MRI activity and antibody levels chart MS therapy progress

Radiology News
During the initial stages of interferon beta treatment in patients with relapsing-remitting MS, monitoring by means of MRI scans and anti-interferon beta neutralizing antibodies can be useful in predicting clinical response.

During the initial stages of interferon beta treatment in patients with relapsing-remitting MS, monitoring by means of MRI scans and anti-interferon beta neutralizing antibodies (NAb) can be useful in predicting clinical response, Italian researchers report in the June issue of the Journal of Neurology, Neurosurgery and Psychiatry.

"Either having an MRI scan with signs of disease activity or a positive NAb test will predict a bad clinical response over the next two years of interferon beta treatment," lead investigator Dr. Luca Durelli told Reuters Health.
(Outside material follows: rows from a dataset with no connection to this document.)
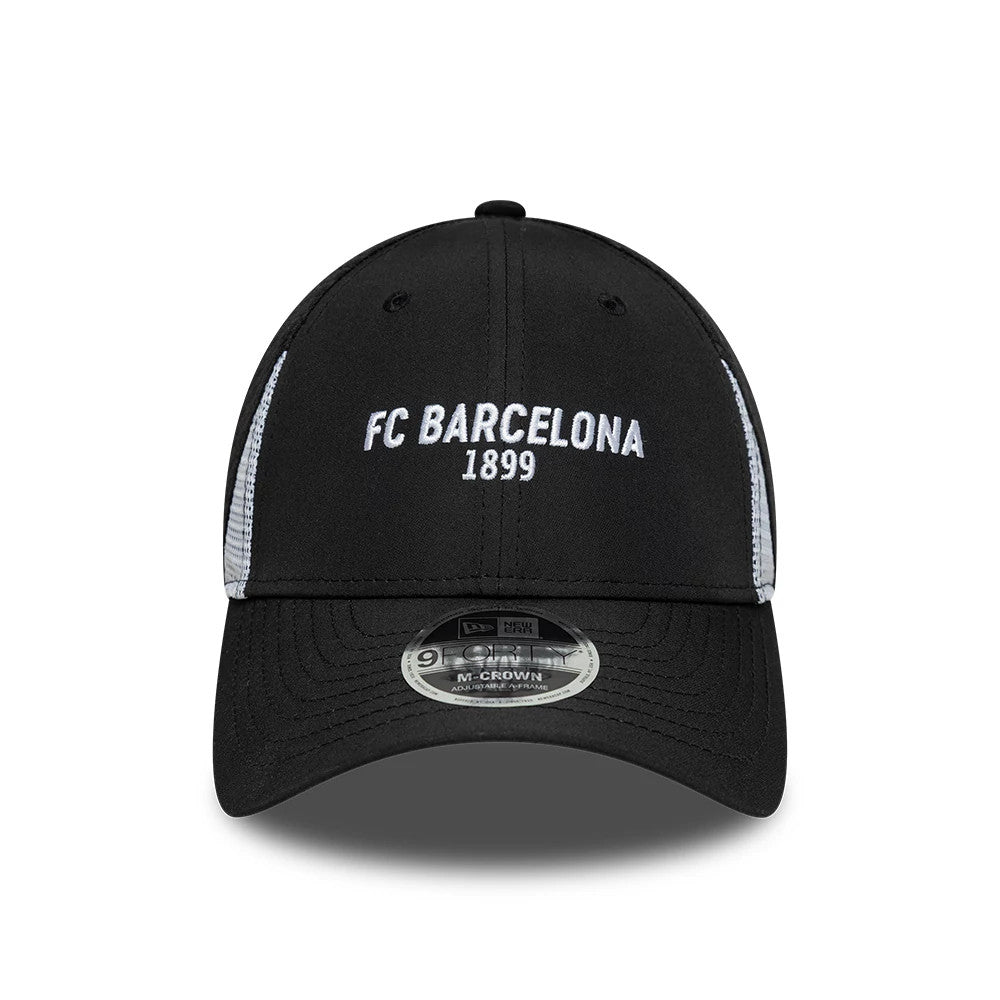 Pictured is this FC Barcelona Featherweight Poly 9FORTY M-Crown cap in black. 2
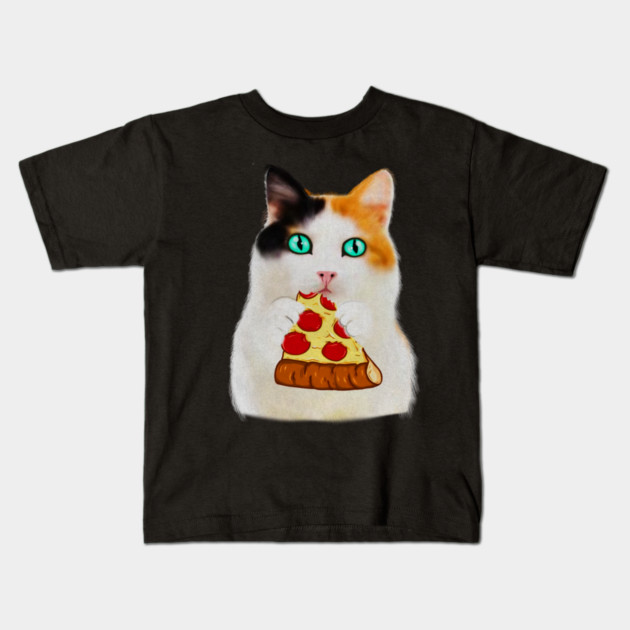Cat Eating Pizza, Funny Pizza Lover Kids T-Shirt by logiamerch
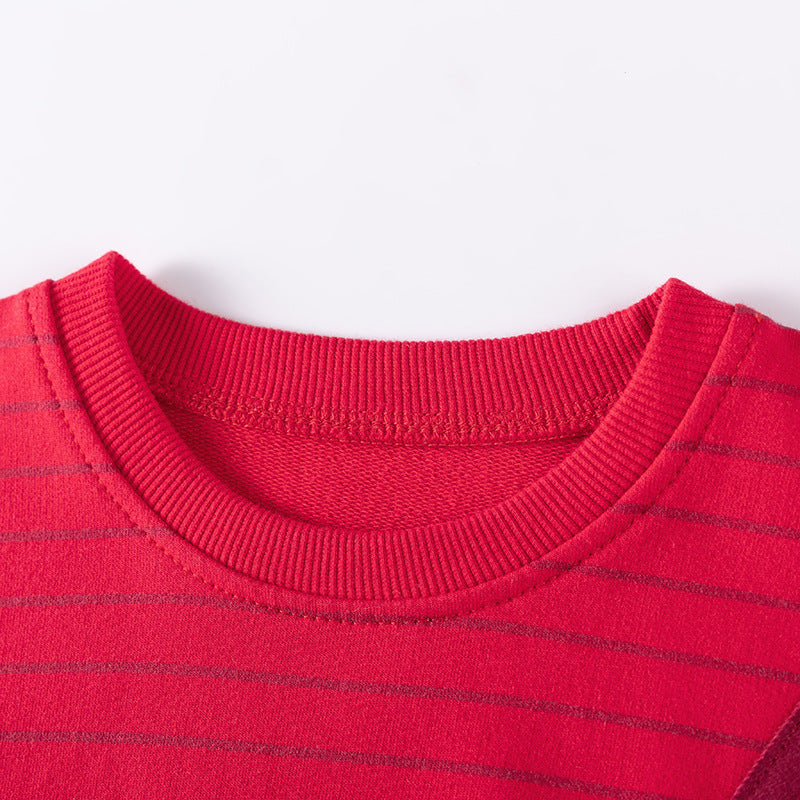 Spring and Autumn Girls Striped and Christmas Cartoon Pattern Long Sleeves Sweatshirt and Pants Clothing Set-2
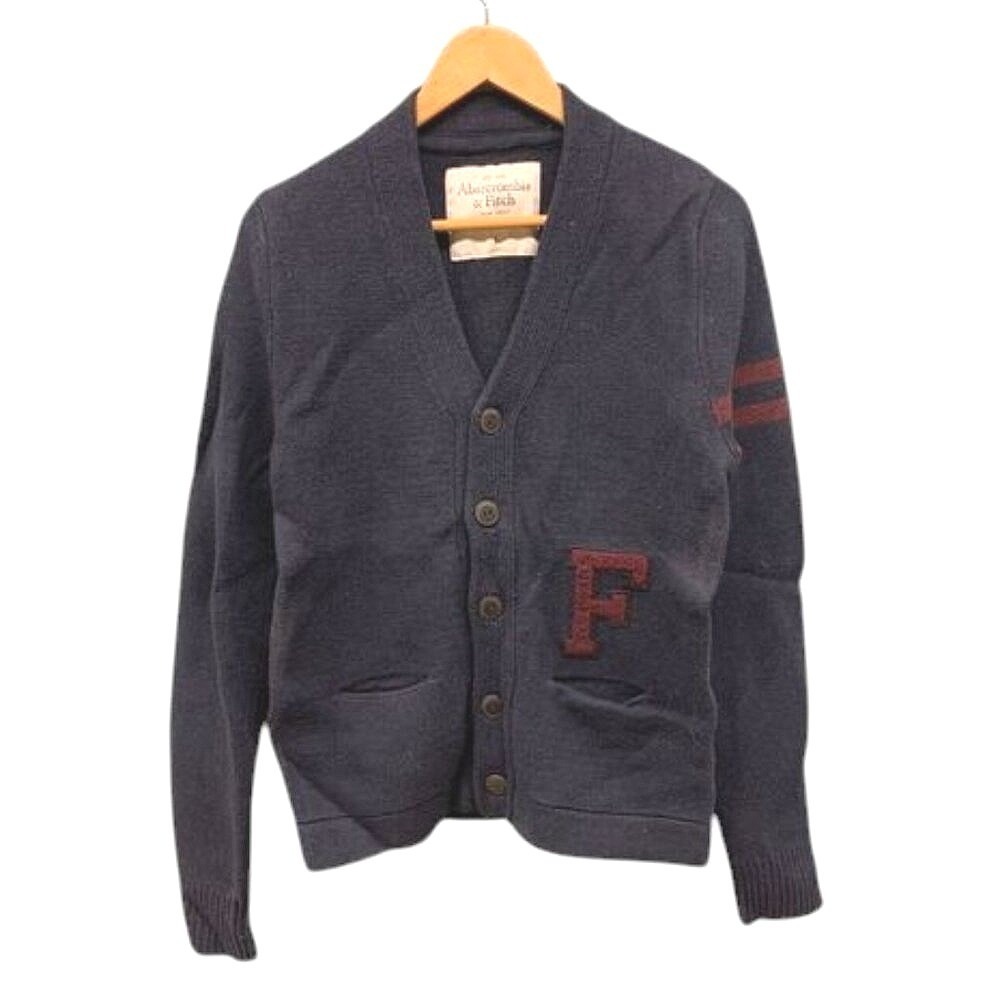 Abercrombie & Fitch Men's L Navy Preppy Letterman Cardigan Rabbit Hair Blend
Dr. Durelli of Ospedale San Luigi Gonzaga, Turin and colleagues came to this conclusion after studying 147 patients who underwent repeated MRI scans and NAb assays during the first six months of interferon beta therapy.

The researchers found a positive scan had a predictive sensitivity of 52 per cent and a specificity of 80 per cent for clinical disease activity in the following 18 months. The negative predictive value was 73 per cent and the positive predictive value was 62 per cent.

For NAb positivity, the corresponding values were 71 and 66 per cent, and 92 and 29 per cent. The combination of an active scan and NAb positivity had a sensitivity of 71 per cent, a specificity of 86 per cent, a negative predictive value of 94 per cent and a positive predictive value of 50 per cent.

In other words, continued Dr. Durelli, "Patients developing both MRI activity as well as NAb positivity carry a 50 per cent risk of developing clinical activity.... This could be an indication to switch them to a different immune-modulatory or immune-suppressive treatment."

In an accompanying editorial, Drs. Hans-Peter Hartung of Heinrich-Heine-University Dusseldorf and Joep Killestein of VU University, Amsterdam, express reservations about the findings, but nevertheless conclude that "it is a useful prospective study providing evidence of the existence of biomarkers that aid in identifying suboptimal interferon beta responders at an early stage."